Santa Cruz, CA: Adults who live in areas where marijuana is criminally prohibited are more likely to report a preference for stronger strains of pot as compared to adults who live in areas where the sale of the drug is legally regulated, according to survey data to be published in the forthcoming issue of the International Journal of Drug Policy.
An investigator at the University of California at Santa Cruz randomly surveyed the marijuana use patterns of more than 400 experienced cannabis consumers in San Francisco and Amsterdam. The survey reported that respondents in Amsterdam, where the sale of small quantities of cannabis is regulated in retail stores, were significantly more likely than those in San Francisco to prefer "mild" and "moderate" cannabis over "strong" or "very strong" varieties.
"[B]ecause the cannabis markets in San Francisco remain illicit, users are more apt to feel they can never be certain of potency and so are more likely to choose stronger strains," the study reported. By contrast, "In Amsterdam three decades of de facto decriminalization have fostered a stable and translucent retail cannabis market in which users are reliably able to buy cannabis of the potency they prefer."
Over two-thirds of respondents in both cities reported that they moderated their use of cannabis depending its potency – typically consuming lesser quantities of stronger pot.
Survey respondents in both Amsterdam and San Francisco said that the price of cannabis had little impact on their use, suggesting that "policies designed to reduce aggressive demand for cannabis … by increasing its price are unlikely to have a large impact."
Respondents in both cities also reported that they perceived their risk of being arrested for using marijuana to be "very unlikely." Respondents in both cities reported that they could obtain cannabis within "a few hours," though those who lived in San Francisco were far more likely to report that they obtained their marijuana from "friends."
Age of onset, age at first regular use, and age at the start of periods of maximum use were "nearly identical" in both cities.

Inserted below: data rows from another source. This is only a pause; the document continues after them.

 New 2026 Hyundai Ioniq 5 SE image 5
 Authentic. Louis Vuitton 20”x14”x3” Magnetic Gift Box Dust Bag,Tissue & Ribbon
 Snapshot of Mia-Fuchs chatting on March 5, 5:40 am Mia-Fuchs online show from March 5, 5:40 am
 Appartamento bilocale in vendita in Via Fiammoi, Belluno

By contrast, marijuana users in Amsterdam were far less likely than users in San Francisco to have experimented with other illicit drugs, including cocaine, crack, methamphetamine, ecstasy, and opiates.

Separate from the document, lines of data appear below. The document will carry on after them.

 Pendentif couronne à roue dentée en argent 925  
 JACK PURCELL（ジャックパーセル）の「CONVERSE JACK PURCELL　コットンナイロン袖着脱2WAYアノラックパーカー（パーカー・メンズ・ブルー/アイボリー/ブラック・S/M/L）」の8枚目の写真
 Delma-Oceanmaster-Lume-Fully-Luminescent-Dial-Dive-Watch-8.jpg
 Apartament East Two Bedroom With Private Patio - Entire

"The differences in response patterns between samples of experienced users in different legal-policy milieux suggest that various aspects of drug policy interact in complex ways with both user cultures and the broader cultures in which they are situated," the study concluded. "But the fact that we found more similarities than differences across the contrasting drug control regimes provides further support for the view that cannabis use is a deeply embedded cultural practice that is not easily reached by drug policy."